Azure AI Studio Network Restricted This set of templates demonstrates how to set up Azure AI Studio with private link and egress disabled, using Microsoft-managed keys for encryption and Microsoft-managed identity configuration for the AI resource.
Azure AI Studio Network Restricted This set of templates demonstrates how to set up Azure AI Studio with private link and egress disabled, using Microsoft-managed keys for encryption and Microsoft-managed identity configuration for the AI resource.
Azure Batch pool without public IP addresses This template creates Azure Batch simplified node communication pool without public IP addresses.
Azure Cloud Shell - VNet This template deploys Azure Cloud Shell resources into an Azure virtual network.
Azure Databricks All-in-one Templat VNetInjection-Pvtendpt This template allows you to create a network security group, a virtual network and an Azure Databricks workspace with the virtual network, and Private Endpoint.
Azure Digital Twins with Function and Private Link service This template creates an Azure Digital Twins service configured with a Virtual Network connected Azure Function that can communicate through a Private Link Endpoint to Digital Twins. It also creates a Private DNS Zone to allow seamless hostname resolution of the Digital Twins Endpoint from the Virtual Network to the Private Endpoint internal subnet IP address. The hostname is stored as a setting to the Azure Function with name 'ADT_ENDPOINT'.

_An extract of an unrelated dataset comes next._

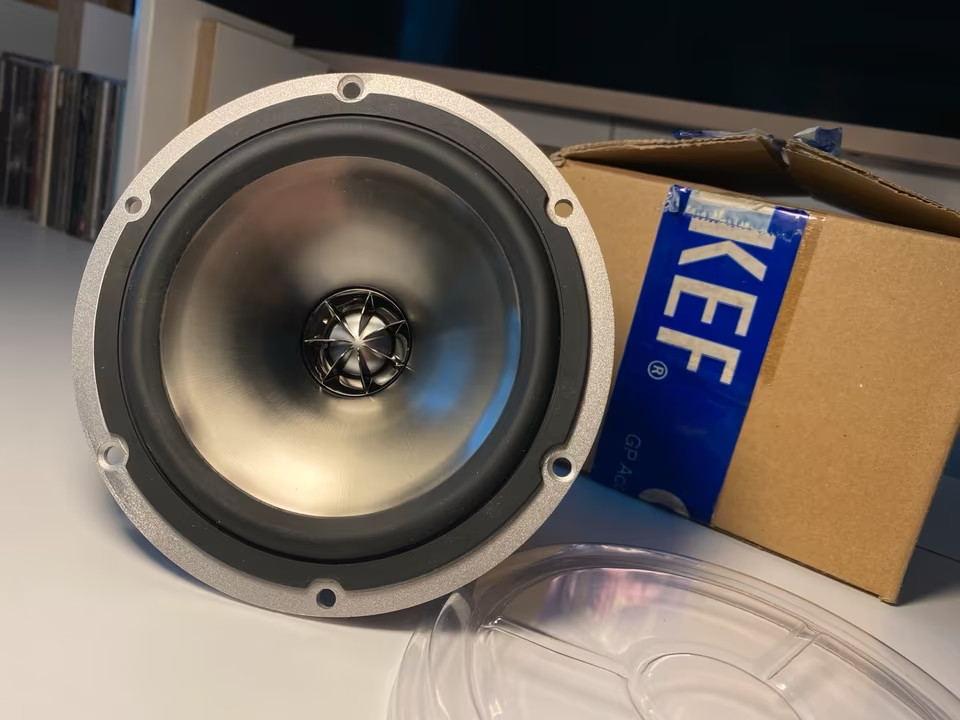 Haut-parleur de luxe KEF XQ10 en bois véritable finition merisier précieux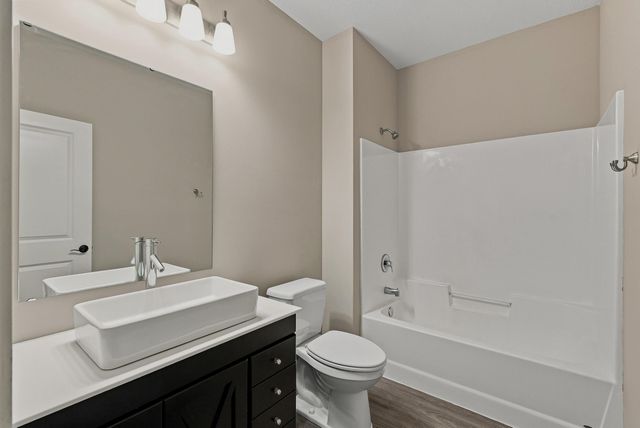4110 FRONTGATE DR, Columbia, MO 65203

Azure Machine Learning end-to-end secure setup This set of Bicep templates demonstrates how to set up Azure Machine Learning end-to-end in a secure set up. This reference implementation includes the Workspace, a compute cluster, compute instance and attached private AKS cluster.
Azure Machine Learning end-to-end secure setup (legacy) This set of Bicep templates demonstrates how to set up Azure Machine Learning end-to-end in a secure set up. This reference implementation includes the Workspace, a compute cluster, compute instance and attached private AKS cluster.
Azure private DNS domain hosting example This template shows how to create a private DNS zone and optionally enable VM registration
AzureDatabricks Template for Default Storage Firewall This template allows you to create a network security group, a virtual network, private endpoint, and a default storage firewall enabled Azure Databricks workspace with the virtual network and the system-assigned access connector.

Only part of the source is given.